Pregunté por el señor en los alrededores y así me enteré que en sus buenos años había sido Director de un reconocido banco hoy quebrado y que su esposa había muerto hace muchos años. Una vez, algunos meses después, una mujer joven y una niña le visitaron, yo pase por allí y vi al viejo sonreír y cargar a aquella niña lo más alto que sus fuerzas le dejaban. De repente era su nieta, no lo sé, pero nunca más vi al viejo sonreír y esto le hizo mucho daño.
Pasaron muchos meses sin novedades, a mi me parece que el señor aguanto todo lo que pudo, una noche quizás lloro más fuerte y con más dolor que otras noches.

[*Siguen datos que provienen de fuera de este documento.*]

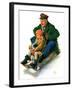 "Sledding with Grandpa,"February 8, 1930-Alan Foster-Framed Giclee Print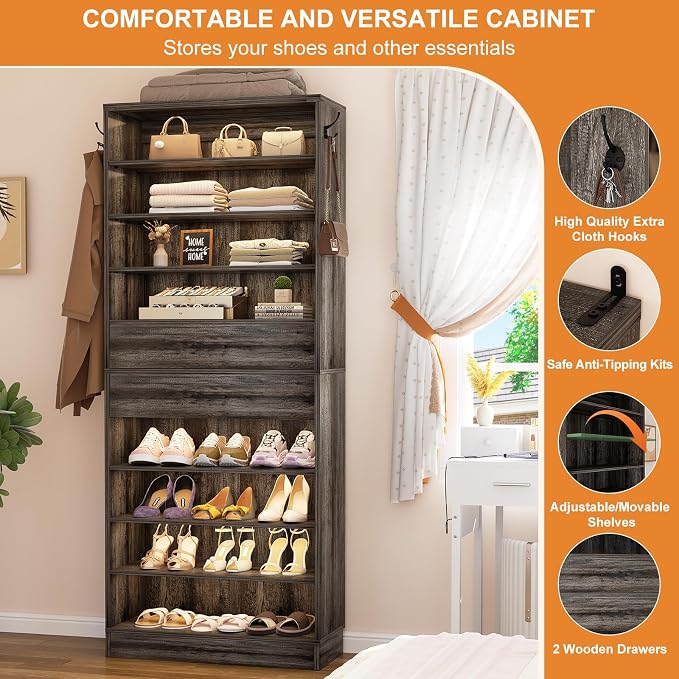 Aheaplus Tall Shoe Cabinet, 10 Tiers Wood Shoe Rack, Vertical Shoe Storage - Image 4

Me gusta imaginar que luego del llanto, y en aquella misma noche; ilumino su casa con velas, se dio un baño y canto y bailo mientras bebía un buen vino. Y que los estruendos de su voz ahuyentaron a la soledad. Que los amigos imaginarios que había creado asistieron todos ellos muy puntuales a su fiesta y que quizás nunca nada había sucedido.
Pero sucedió.
Adquirió otra conciencia, salió a la calle al día siguiente, se puso en medio de los coches y no los dejaba pasar, argumentaba que no quería que nadie pase por su casa nunca más. Cogía piedras y amenazaba con lanzarlas a cualquier transeúnte. ¡¡No quiero que nadie pase por mi casa ¡! ¡¡Nunca ¡!
Algo debe haber pasado luego, porque el viejo ya no está, y en su casa solo hay sillas, creo que cada día hay mas.
Esas veces que iba a pie y me di cuenta del viejo que volvía, que tenía la puerta abierta de aquella casa vacía que yo no veía.